Storia · capitolo 1

Capitolo 1

QUEL CAMALEONTE DI PASQUALE di MARIO BITETTI

QUEL CAMALEONTE DI PASQUALE

Era il periodo drammatico dello scoppio della temibile pandemia del Covid. Sorta, nei modi ancora oscuri da chiarire, in una provincia della Cina nel 2019, si affacciò in Europa, prima a farne le spese con i primi decessi l’Italia, nell’anno successivo.
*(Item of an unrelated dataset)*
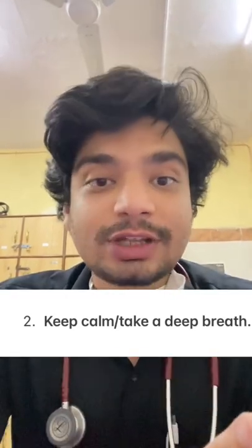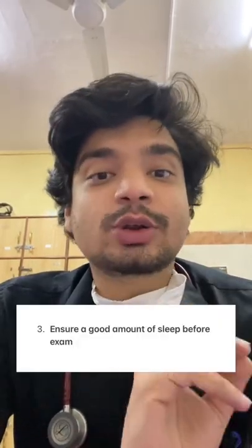Second, take a deep breath. It's okay if the first question you see — you don't know the answer to it. What happens is that a lot of times we see the first question, don't know the answer, get scared, and are not able to proceed with the further questions. Take a deep breath — you'll know the second question, maybe you'll know the third question. Just take a deep breath.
In pochi giorni ci fu l’escalation di quel contagio e si comprese subito la pericolosità immane di quella influenza. Quel morbo cominciò a mietere vittime in maniera impressionante. L’Italia si trovò impantanata in una sorta di regime del terrore determinato da quel fenomeno.

Il governo dovette correre subito ai ripari in un contesto aggravato anche nei decenni precedenti perché non si era mai allestito un vero piano contro eventuali emergenze, come quelle che scaturivano da quell’impatto devastante. Si eressero dei cordoni sanitari nelle prime città del nord in cui quel morbo si presentò.

E nel giro di pochi giorni tutta l’Italia si trovò sotto il morso terribile di quella pandemia. Si fece fronte a quella emergenza come si poteva.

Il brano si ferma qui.